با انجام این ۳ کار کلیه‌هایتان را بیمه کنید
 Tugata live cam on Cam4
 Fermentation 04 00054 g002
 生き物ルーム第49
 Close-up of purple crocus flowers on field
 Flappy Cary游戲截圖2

WORK TO COMPLETE. Reproduce each entry above without a single difference.

TASK SOLUTION.
با انجام این ۳ کار کلیه‌هایتان را بیمه کنید
 Tugata live cam on Cam4
 Fermentation 04 00054 g002
 生き物ルーム第49
 Close-up of purple crocus flowers on field
 Flappy Cary游戲截圖2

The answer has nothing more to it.